> [PROVIDED DATA]
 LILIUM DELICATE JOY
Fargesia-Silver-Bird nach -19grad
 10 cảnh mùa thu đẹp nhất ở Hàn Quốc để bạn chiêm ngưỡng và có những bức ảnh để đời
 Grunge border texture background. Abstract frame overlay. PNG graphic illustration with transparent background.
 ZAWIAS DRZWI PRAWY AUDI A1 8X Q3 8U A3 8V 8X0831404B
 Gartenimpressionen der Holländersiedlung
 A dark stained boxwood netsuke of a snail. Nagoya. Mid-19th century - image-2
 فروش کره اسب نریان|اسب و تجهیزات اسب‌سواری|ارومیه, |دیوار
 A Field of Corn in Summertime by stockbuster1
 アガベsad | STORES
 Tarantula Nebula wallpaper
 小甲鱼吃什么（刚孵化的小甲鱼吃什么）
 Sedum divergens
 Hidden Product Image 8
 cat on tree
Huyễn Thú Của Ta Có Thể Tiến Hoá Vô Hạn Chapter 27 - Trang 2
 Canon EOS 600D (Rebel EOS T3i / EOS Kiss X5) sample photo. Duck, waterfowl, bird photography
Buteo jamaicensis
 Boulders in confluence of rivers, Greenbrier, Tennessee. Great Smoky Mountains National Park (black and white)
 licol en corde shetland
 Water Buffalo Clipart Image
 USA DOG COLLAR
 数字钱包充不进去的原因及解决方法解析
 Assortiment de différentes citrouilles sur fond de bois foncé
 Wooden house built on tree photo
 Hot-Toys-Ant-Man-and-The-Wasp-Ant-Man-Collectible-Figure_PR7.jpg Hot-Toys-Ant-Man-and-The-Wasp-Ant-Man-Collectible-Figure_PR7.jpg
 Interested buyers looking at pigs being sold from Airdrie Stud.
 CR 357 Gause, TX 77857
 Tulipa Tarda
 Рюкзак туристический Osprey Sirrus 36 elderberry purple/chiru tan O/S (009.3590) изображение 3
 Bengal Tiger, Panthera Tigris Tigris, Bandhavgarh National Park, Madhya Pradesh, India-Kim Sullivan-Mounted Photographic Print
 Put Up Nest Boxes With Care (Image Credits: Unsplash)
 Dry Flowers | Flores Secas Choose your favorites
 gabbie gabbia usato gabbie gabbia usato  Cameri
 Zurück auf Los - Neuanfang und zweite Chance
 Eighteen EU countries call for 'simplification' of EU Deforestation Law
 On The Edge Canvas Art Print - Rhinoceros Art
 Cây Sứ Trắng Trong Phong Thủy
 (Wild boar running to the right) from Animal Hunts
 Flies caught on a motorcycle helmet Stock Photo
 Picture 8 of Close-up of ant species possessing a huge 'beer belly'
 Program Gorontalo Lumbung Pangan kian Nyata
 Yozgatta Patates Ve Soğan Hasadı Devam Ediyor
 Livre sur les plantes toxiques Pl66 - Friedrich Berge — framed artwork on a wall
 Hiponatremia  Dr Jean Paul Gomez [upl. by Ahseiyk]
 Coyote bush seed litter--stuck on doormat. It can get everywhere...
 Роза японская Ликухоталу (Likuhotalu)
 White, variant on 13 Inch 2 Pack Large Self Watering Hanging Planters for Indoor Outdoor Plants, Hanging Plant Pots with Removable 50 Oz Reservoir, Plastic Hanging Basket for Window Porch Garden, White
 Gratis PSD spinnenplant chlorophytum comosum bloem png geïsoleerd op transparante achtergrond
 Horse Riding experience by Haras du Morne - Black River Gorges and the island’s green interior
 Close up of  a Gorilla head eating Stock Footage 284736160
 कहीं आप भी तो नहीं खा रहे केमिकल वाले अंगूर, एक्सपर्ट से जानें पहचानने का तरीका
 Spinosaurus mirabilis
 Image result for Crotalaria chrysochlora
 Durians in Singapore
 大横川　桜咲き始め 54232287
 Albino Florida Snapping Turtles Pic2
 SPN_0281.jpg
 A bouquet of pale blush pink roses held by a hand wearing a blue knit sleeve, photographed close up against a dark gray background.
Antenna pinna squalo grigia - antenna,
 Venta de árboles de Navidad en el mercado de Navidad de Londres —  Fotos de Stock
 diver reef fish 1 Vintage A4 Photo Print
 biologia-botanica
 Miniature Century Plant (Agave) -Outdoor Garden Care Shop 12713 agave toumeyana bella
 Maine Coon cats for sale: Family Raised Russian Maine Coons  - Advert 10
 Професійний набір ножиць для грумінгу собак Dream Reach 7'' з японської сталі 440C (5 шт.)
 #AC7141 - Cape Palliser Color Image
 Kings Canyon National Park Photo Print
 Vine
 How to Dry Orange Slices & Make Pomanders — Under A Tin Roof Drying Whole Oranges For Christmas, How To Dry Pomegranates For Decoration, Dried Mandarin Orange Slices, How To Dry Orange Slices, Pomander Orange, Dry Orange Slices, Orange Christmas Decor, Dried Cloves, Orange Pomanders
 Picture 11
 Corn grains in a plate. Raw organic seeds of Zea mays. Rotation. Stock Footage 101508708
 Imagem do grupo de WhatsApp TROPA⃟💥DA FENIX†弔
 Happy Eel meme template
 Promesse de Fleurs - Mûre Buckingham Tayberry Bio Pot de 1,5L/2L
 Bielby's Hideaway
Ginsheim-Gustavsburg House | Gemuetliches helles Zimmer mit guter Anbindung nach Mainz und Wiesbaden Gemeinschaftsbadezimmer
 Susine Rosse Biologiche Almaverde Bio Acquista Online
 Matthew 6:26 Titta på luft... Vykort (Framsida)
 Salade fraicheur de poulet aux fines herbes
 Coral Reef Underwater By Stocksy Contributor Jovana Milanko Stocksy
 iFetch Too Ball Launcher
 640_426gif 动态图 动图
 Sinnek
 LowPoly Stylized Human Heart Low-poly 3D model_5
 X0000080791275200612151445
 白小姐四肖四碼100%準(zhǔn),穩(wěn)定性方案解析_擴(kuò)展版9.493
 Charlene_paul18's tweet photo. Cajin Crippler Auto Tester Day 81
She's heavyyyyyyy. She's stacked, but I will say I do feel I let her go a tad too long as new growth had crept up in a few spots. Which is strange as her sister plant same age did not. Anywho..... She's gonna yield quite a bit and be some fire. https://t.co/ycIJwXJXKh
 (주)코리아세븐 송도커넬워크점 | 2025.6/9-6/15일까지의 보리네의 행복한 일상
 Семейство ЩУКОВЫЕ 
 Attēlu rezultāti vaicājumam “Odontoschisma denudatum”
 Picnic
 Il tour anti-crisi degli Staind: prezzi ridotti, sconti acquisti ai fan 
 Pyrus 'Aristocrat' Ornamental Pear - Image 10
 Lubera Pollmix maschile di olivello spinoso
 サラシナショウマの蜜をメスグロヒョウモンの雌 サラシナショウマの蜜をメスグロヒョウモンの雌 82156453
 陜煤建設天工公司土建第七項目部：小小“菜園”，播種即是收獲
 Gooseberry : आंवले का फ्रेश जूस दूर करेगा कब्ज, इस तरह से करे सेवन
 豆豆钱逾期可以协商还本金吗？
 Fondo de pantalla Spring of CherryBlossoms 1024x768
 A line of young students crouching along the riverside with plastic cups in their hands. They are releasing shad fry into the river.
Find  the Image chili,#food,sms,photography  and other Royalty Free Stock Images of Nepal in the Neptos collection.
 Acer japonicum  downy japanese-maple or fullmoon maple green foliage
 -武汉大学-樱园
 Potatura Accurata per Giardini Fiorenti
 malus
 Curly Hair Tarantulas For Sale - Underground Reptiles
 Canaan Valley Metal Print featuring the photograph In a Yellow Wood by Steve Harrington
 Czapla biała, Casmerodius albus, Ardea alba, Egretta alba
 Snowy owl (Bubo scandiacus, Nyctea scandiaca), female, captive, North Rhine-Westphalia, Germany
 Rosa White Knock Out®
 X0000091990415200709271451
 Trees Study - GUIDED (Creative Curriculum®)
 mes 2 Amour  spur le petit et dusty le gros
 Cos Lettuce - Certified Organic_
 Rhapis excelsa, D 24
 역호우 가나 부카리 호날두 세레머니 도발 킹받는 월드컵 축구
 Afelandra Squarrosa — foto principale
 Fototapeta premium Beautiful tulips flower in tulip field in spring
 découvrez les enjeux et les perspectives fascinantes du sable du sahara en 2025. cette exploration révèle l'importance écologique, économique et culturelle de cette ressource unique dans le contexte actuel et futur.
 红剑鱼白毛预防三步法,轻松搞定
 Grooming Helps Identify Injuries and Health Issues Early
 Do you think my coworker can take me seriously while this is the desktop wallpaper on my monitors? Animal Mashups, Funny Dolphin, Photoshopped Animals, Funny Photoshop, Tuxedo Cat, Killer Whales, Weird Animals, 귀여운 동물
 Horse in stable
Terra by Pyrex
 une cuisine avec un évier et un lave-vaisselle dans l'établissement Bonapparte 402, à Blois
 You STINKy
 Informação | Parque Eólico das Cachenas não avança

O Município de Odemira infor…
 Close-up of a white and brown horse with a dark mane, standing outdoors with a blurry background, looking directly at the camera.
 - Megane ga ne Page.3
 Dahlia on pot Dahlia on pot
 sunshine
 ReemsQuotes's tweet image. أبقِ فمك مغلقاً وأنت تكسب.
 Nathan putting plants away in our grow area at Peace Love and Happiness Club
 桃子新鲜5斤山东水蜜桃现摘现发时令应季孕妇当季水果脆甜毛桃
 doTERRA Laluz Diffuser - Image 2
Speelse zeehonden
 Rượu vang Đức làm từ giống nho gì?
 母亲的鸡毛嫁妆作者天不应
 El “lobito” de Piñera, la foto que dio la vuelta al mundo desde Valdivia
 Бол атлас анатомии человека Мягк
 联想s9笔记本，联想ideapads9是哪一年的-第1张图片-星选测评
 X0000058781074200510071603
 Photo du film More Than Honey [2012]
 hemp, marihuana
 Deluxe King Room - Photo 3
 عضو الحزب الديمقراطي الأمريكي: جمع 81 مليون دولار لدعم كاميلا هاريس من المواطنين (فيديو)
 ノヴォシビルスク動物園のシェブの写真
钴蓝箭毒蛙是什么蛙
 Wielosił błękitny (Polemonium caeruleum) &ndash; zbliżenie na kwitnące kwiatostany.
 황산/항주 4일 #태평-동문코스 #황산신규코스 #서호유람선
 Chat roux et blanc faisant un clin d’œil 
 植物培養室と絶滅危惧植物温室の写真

> [ACTION ITEM]
What is the number of lines in the preceding entries that hold the string "Picture"? Give it alone.

> [REPLY]
2